Pictures are to be dropped, and only the lines from the one containing "1102 3355 Cypress" through the end of the data below are to be reproduced as written.

> _DATA LISTING_

---+---

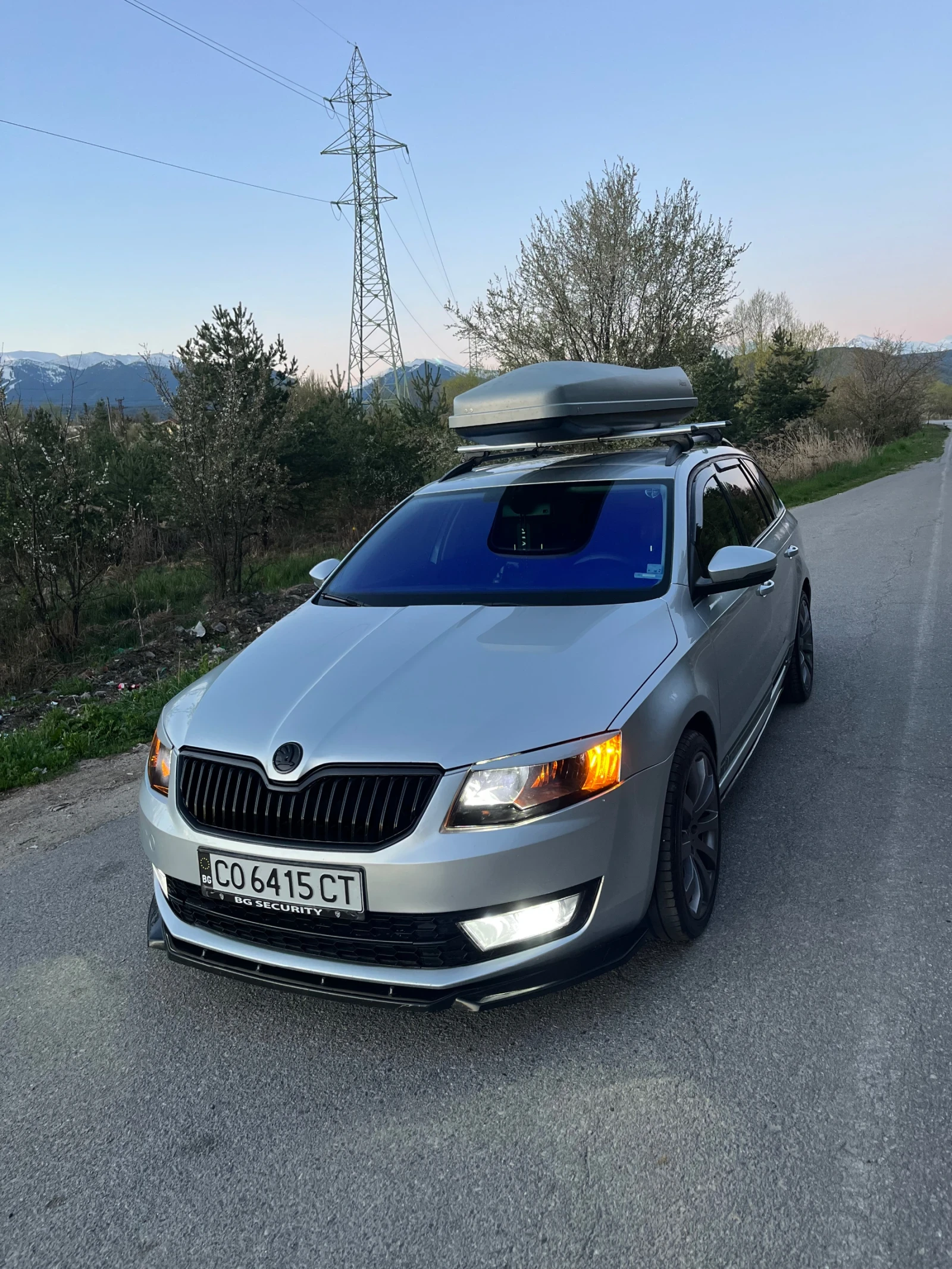 Skoda Octavia, снимка 4 - Автомобили и джипове - 54335841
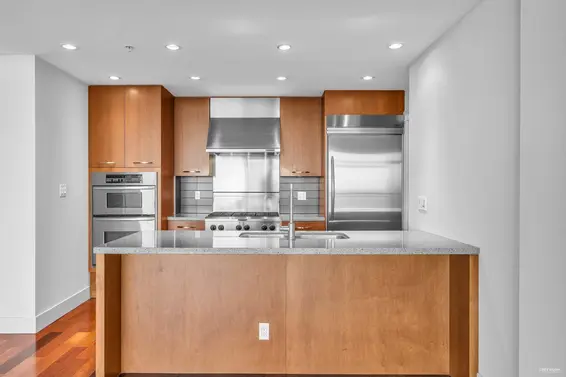 1102 3355 Cypress Place, West Vancouver For Sale - image 4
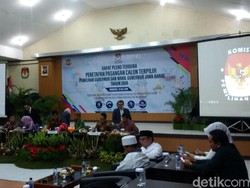 Sah! Ridwan Kamil-Uu Jadi Gubernur dan Wagub Jabar Terpilih Sah! Ridwan Kamil-Uu Jadi Gubernur dan Wagub Jabar Terpilih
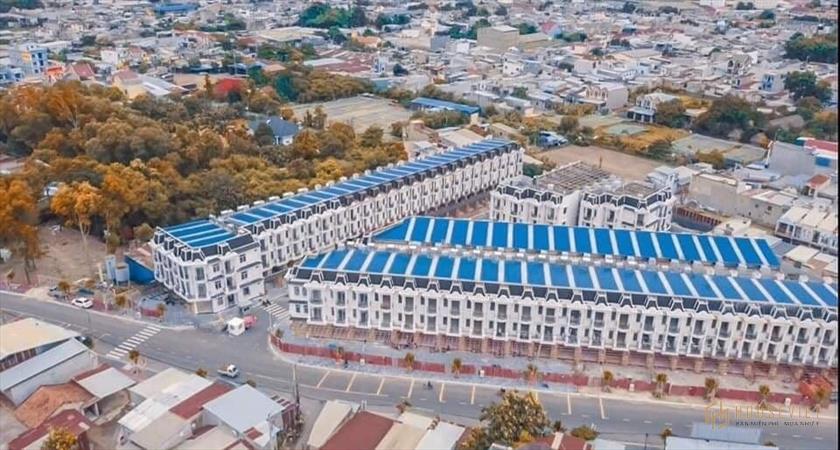 Giá bán dự án nhà phố Royal Town Dĩ An mới nhất 2021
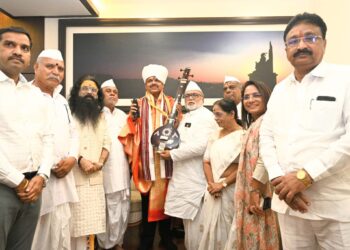 श्री विठ्ठल-रुक्मिणीच्या आषाढी एकादशीच्या शासकीय महापुजेचे मुख्यमंत्री फडणवीस यांना निमंत्रण…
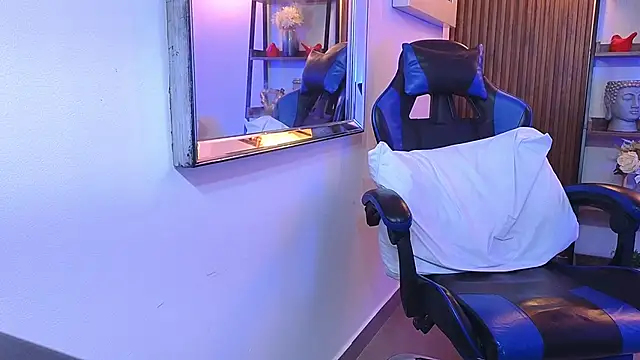 Kenya--Buhle live sex cam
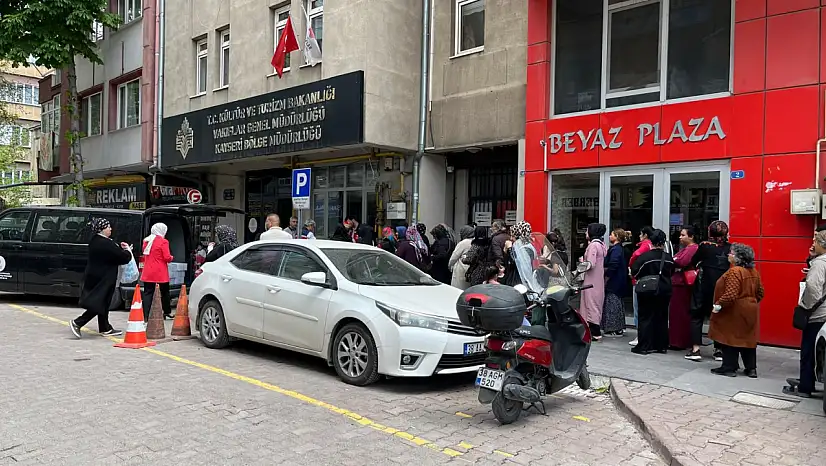 Vakıflar Bölge Müdürlüğü kavurma dağıttı!
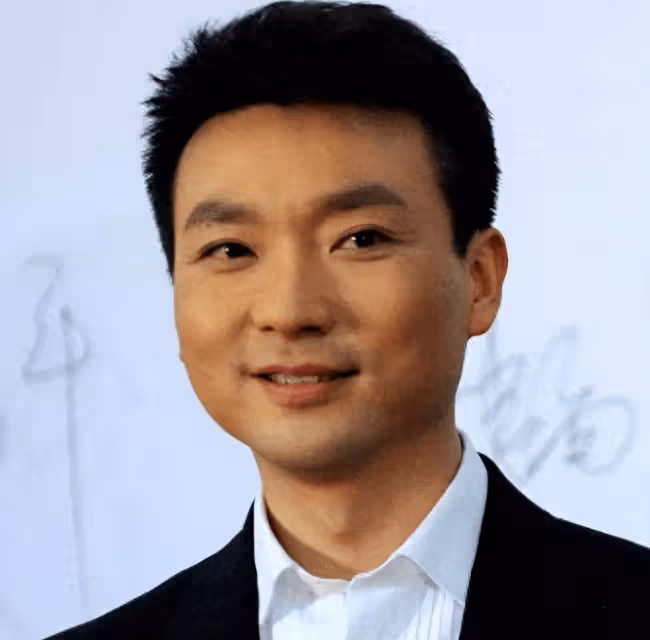「央視一哥」去世,當初哭到昏厥的妻子卻改嫁豪門,如今25歲兒子成啥樣?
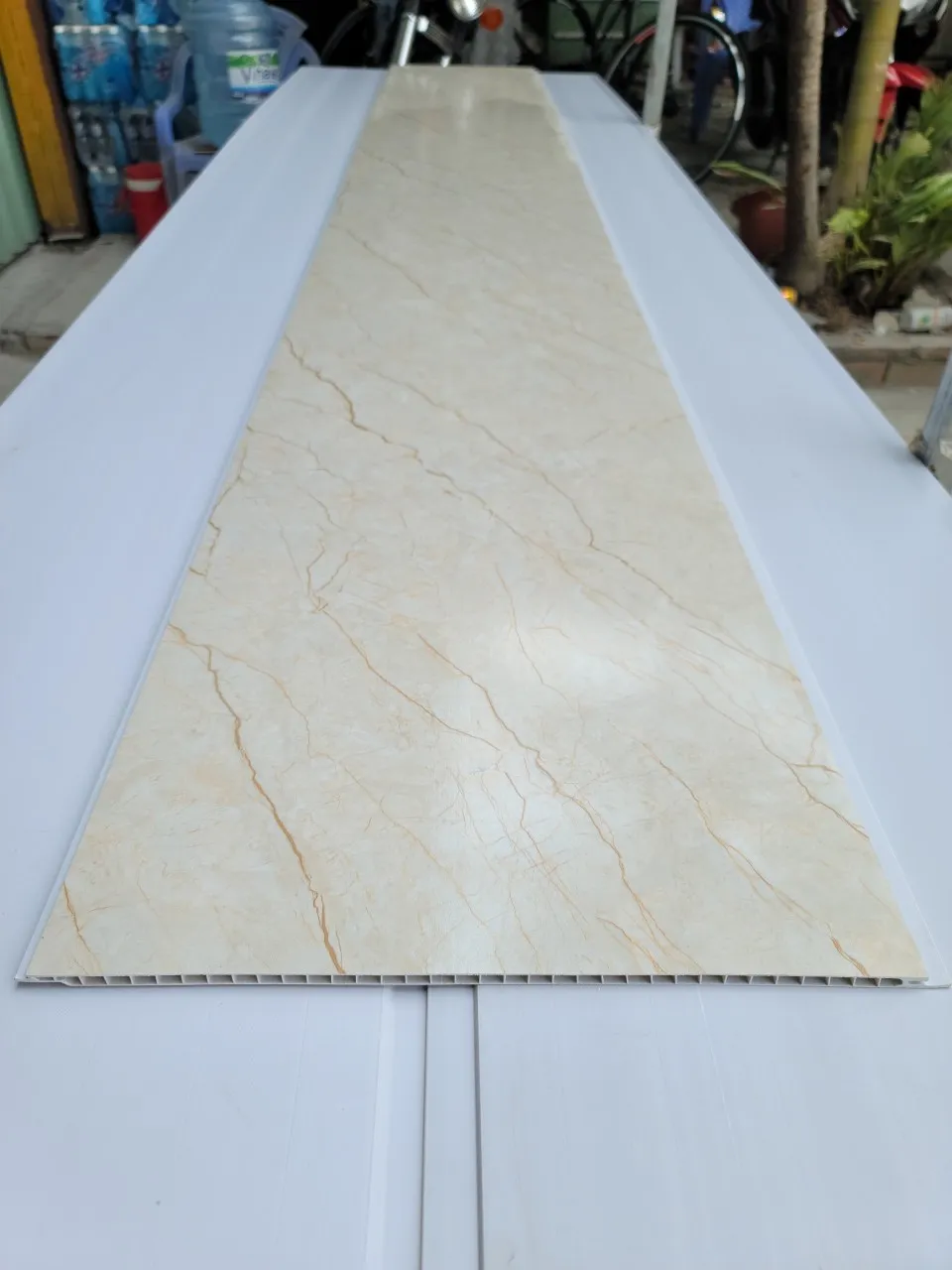 Trần nhựa PVC giả đá vân trắng tự nhiên, phù hợp với nội thất hiện đại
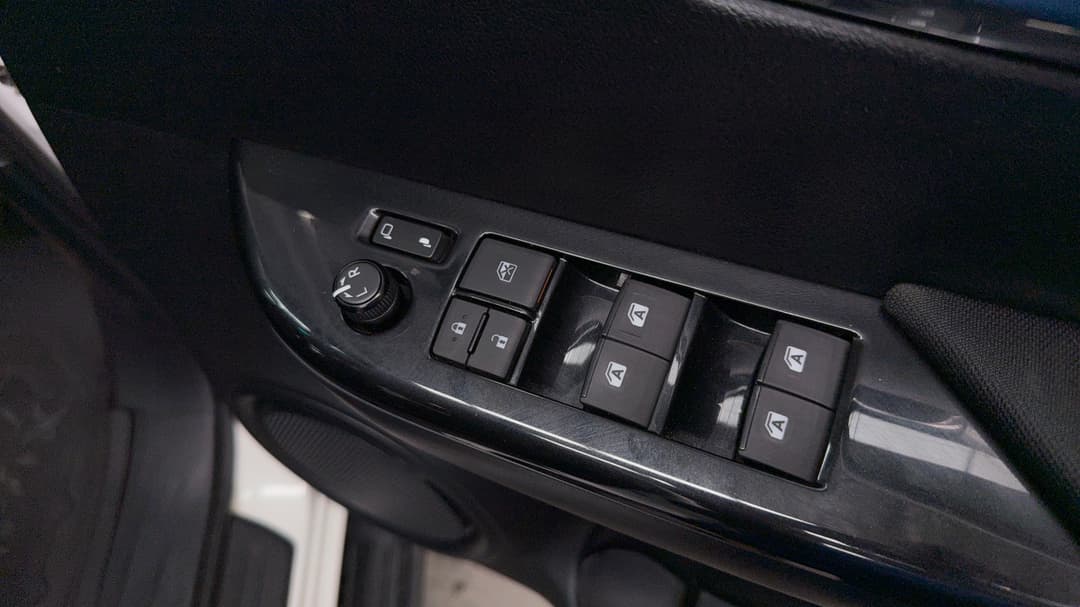 2022 Toyota Hilux Sr5 (4x4), Automatic, 80428 km, Drivers Side Door Panel Controls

---+---

> _ANSWER SPACE_
 1102 3355 Cypress Place, West Vancouver For Sale - image 4
 Sah! Ridwan Kamil-Uu Jadi Gubernur dan Wagub Jabar Terpilih Sah! Ridwan Kamil-Uu Jadi Gubernur dan Wagub Jabar Terpilih
 Giá bán dự án nhà phố Royal Town Dĩ An mới nhất 2021
 श्री विठ्ठल-रुक्मिणीच्या आषाढी एकादशीच्या शासकीय महापुजेचे मुख्यमंत्री फडणवीस यांना निमंत्रण…
 Kenya--Buhle live sex cam
 Vakıflar Bölge Müdürlüğü kavurma dağıttı!
「央視一哥」去世,當初哭到昏厥的妻子卻改嫁豪門,如今25歲兒子成啥樣?
 Trần nhựa PVC giả đá vân trắng tự nhiên, phù hợp với nội thất hiện đại
 2022 Toyota Hilux Sr5 (4x4), Automatic, 80428 km, Drivers Side Door Panel Controls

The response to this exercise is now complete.